* _What you need to do_: Type out each record word for word. Pictures stay out.

---------- Supplied information ----------

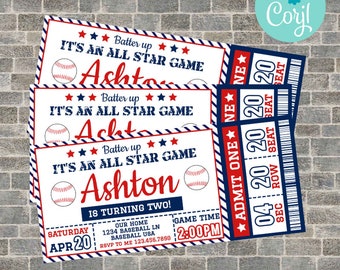 Baseball ticket invitation, Baseball Birthday, Baseball Baby Shower, Rookie of the Year, All Star, All Star Birthday Invitation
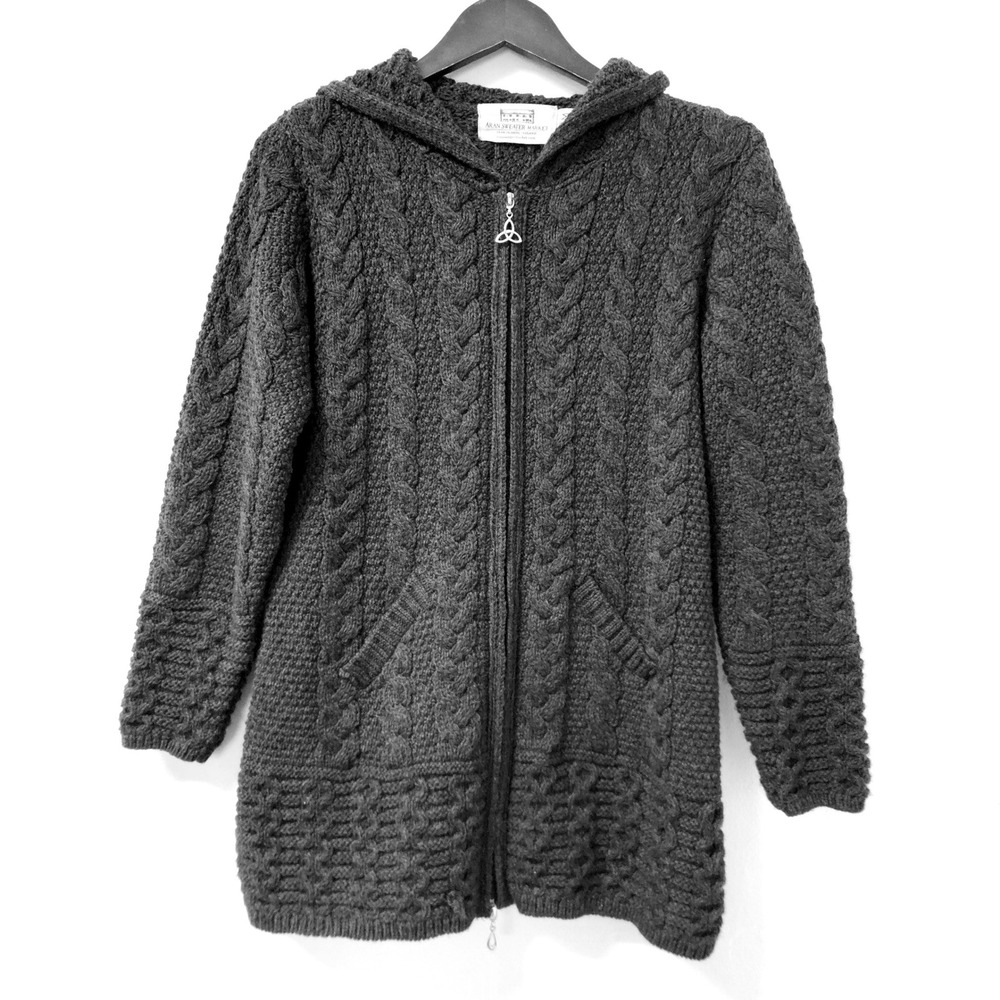 Aran Sweater Market Charcoal Grey Merino Wool Cable Knit Zip Cardigan Ireland M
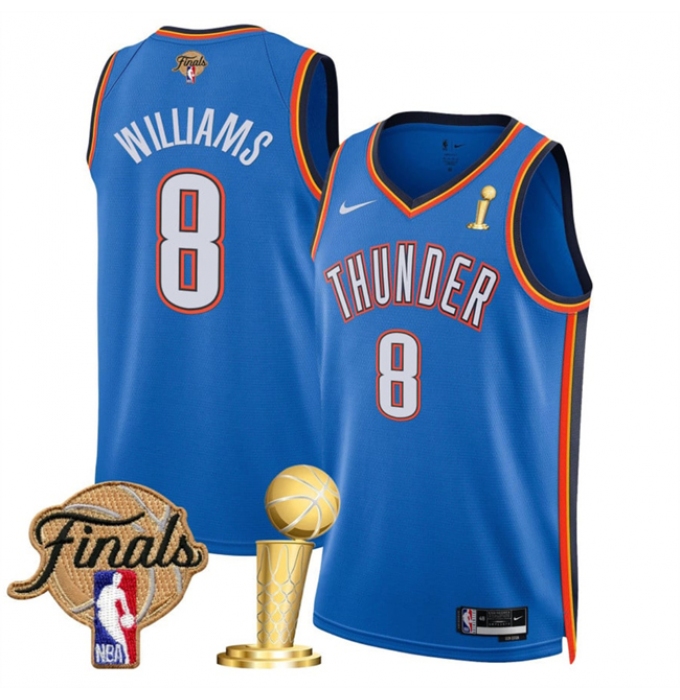 Men's Oklahoma City Thunder #8 Jalen Williams Blue 2025 Finals And Finals Champions Icon Edition Stitched Basketball Jersey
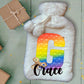 Personalised Hot Water Bottle, Poppit Personalised Fluffy Hot Water Bottle, Fidget Hot Water Bottle, Sensory Gift Idea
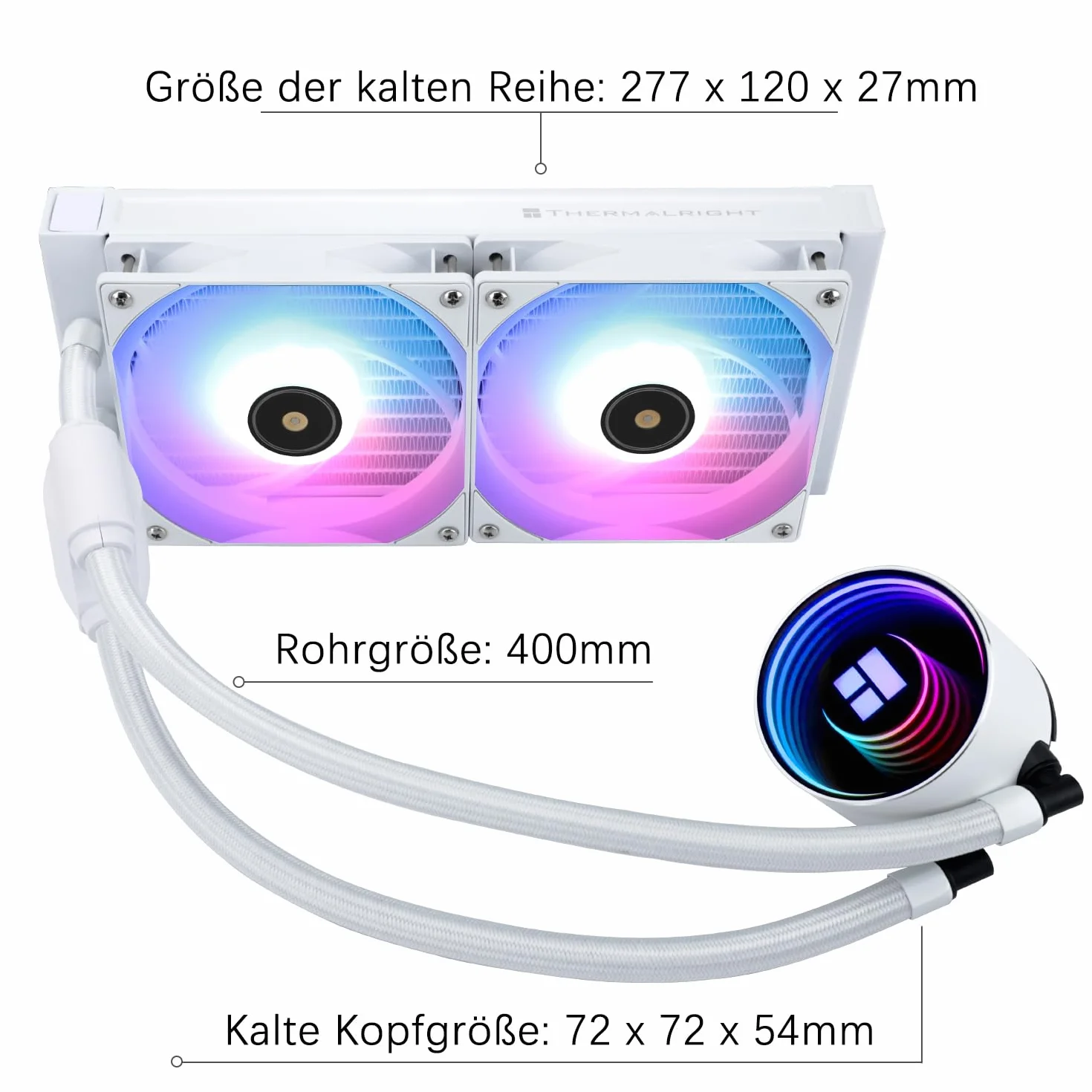 Thermalright Frozen Notte 240 White ARGB V2 ciekły procesor chłodzący 240 mm Aio podwójny wentylator PWM 2000 RPM AMD AM4/AM5 Intel LGA1851/1700/115x
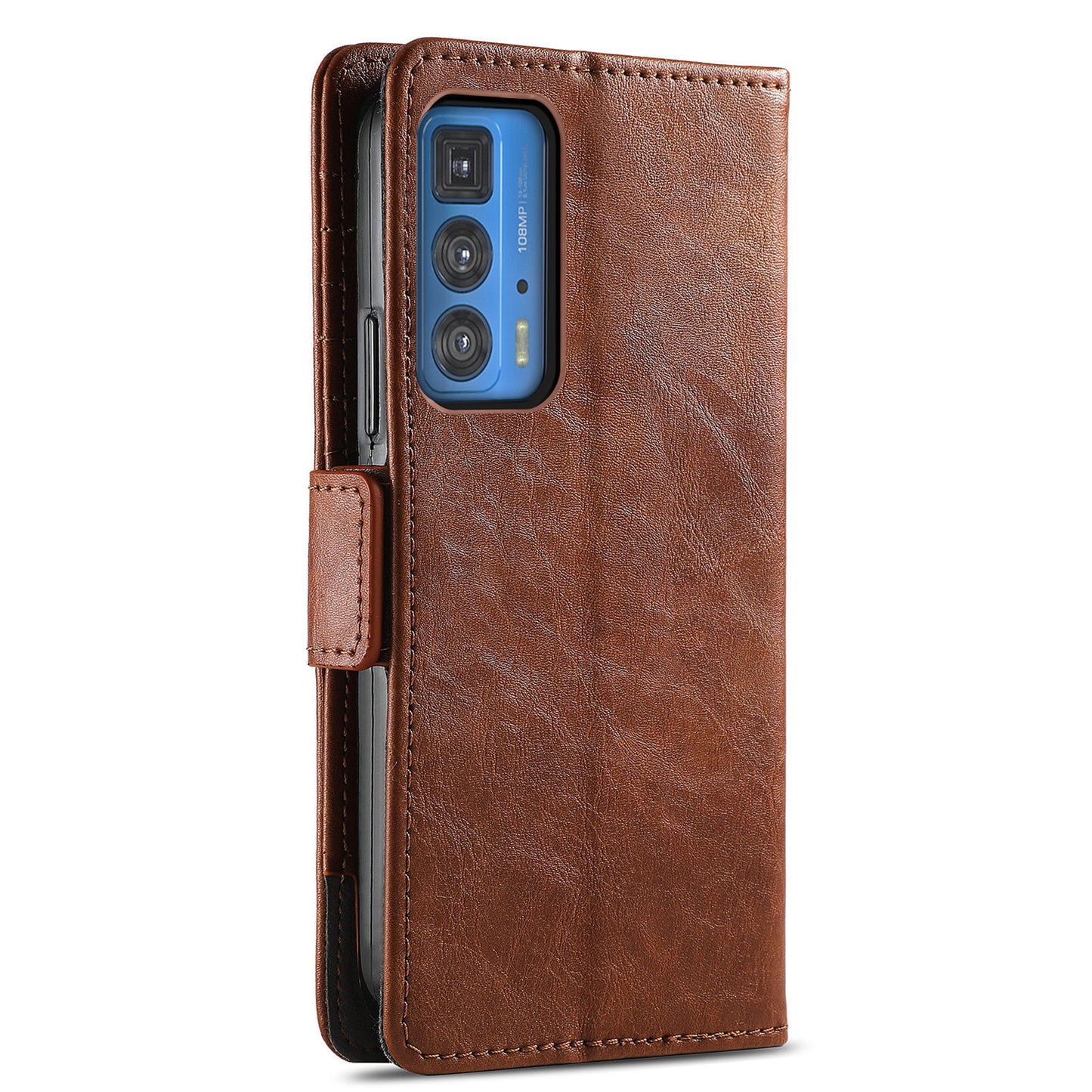 CASENEO 002 Series Full Body Coverage Business Style Folio Flip Stand Wallet Splicing Leather Case for Motorola Edge 20 Pro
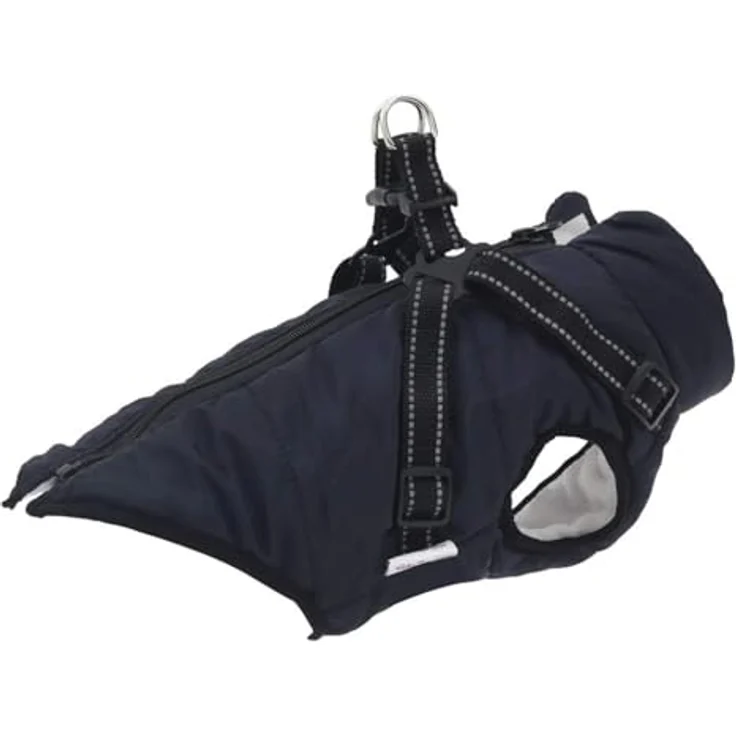 vidaXL Hundemantel mit Geschirr Wasserdicht Reflektierend Marineblau L, Outdoor-Weste für Hunde mit zusätzlicher Polsterung – Bild 1
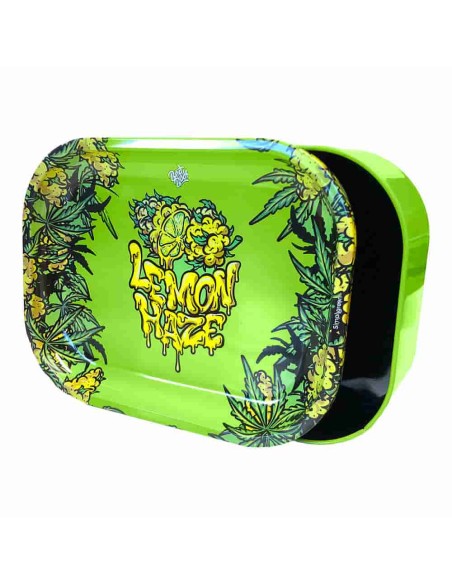 Box in Metallo Portaoggetti con Vassoio Lemon Haze 18x14x5cm pratico per rollare e contenere smoking kit
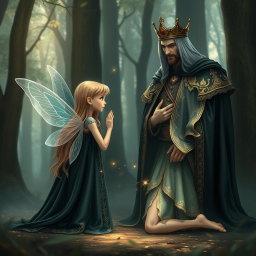 A magical fairy girl with delicate wings, kneeling before a regal king dressed in a magnificent black cloak adorned with gold embroidery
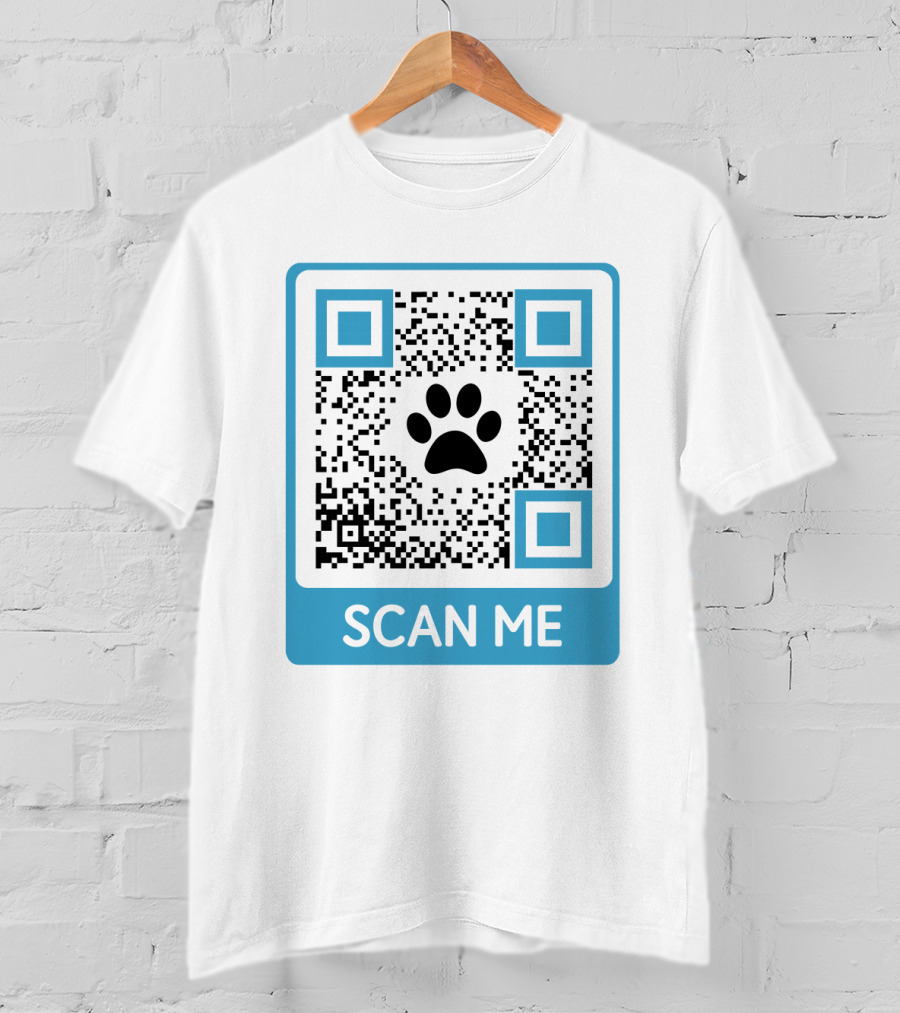 Scan Me QR Code With Dog Paw T-Shirt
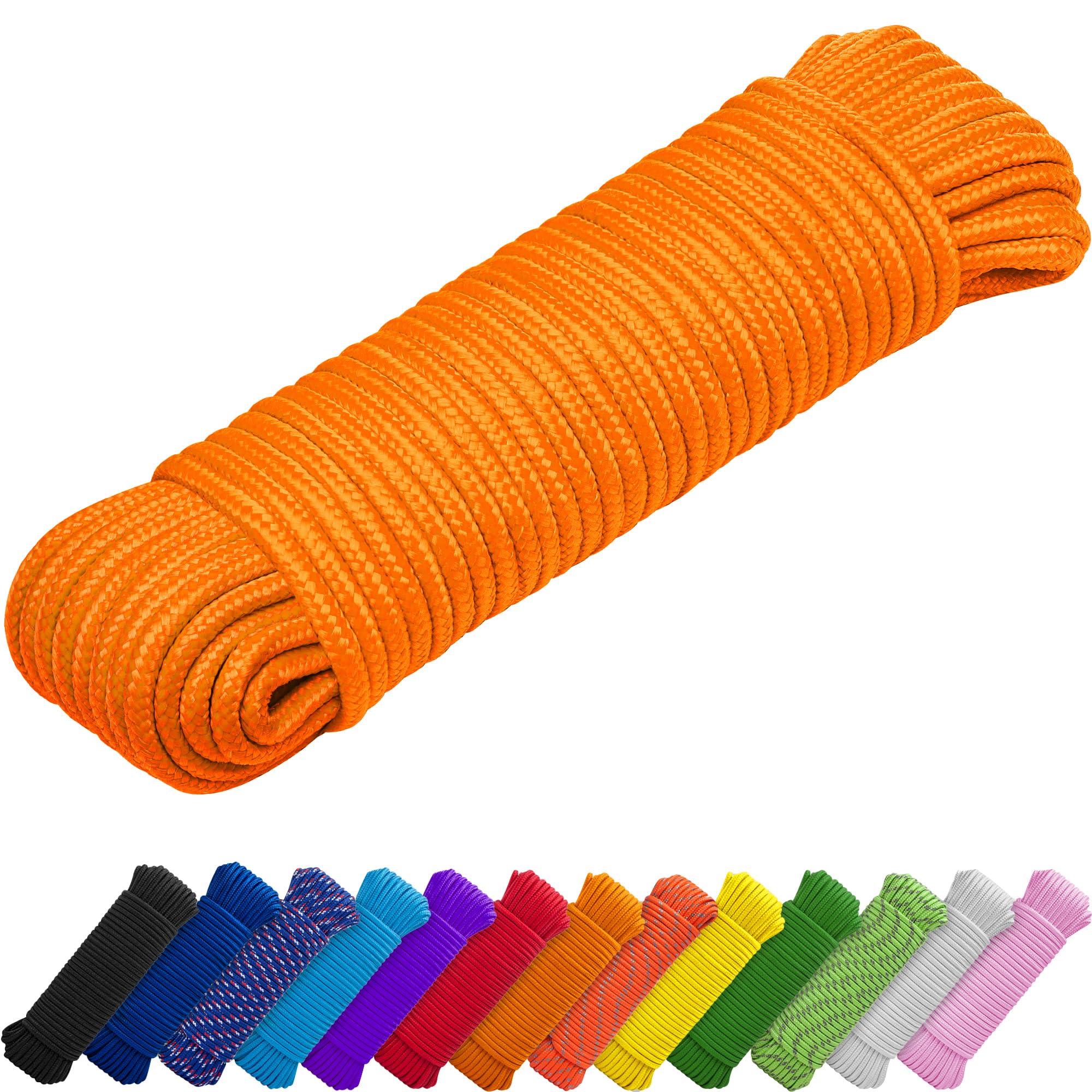 Rope Polypropylene 1/4" 90 ft Orange Yellow - image 1
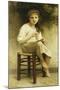 Idle Thoughts (Little Girl Sitting Embroidering)-William Adolphe Bouguereau-Mounted Giclee Print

----------

* _Answer section_:
 Baseball ticket invitation, Baseball Birthday, Baseball Baby Shower, Rookie of the Year, All Star, All Star Birthday Invitation
 Aran Sweater Market Charcoal Grey Merino Wool Cable Knit Zip Cardigan Ireland M
 Men's Oklahoma City Thunder #8 Jalen Williams Blue 2025 Finals And Finals Champions Icon Edition Stitched Basketball Jersey
 Personalised Hot Water Bottle, Poppit Personalised Fluffy Hot Water Bottle, Fidget Hot Water Bottle, Sensory Gift Idea
 Thermalright Frozen Notte 240 White ARGB V2 ciekły procesor chłodzący 240 mm Aio podwójny wentylator PWM 2000 RPM AMD AM4/AM5 Intel LGA1851/1700/115x
 CASENEO 002 Series Full Body Coverage Business Style Folio Flip Stand Wallet Splicing Leather Case for Motorola Edge 20 Pro
 vidaXL Hundemantel mit Geschirr Wasserdicht Reflektierend Marineblau L, Outdoor-Weste für Hunde mit zusätzlicher Polsterung – Bild 1
 Box in Metallo Portaoggetti con Vassoio Lemon Haze 18x14x5cm pratico per rollare e contenere smoking kit
 A magical fairy girl with delicate wings, kneeling before a regal king dressed in a magnificent black cloak adorned with gold embroidery
 Scan Me QR Code With Dog Paw T-Shirt
 Rope Polypropylene 1/4" 90 ft Orange Yellow - image 1
 Idle Thoughts (Little Girl Sitting Embroidering)-William Adolphe Bouguereau-Mounted Giclee Print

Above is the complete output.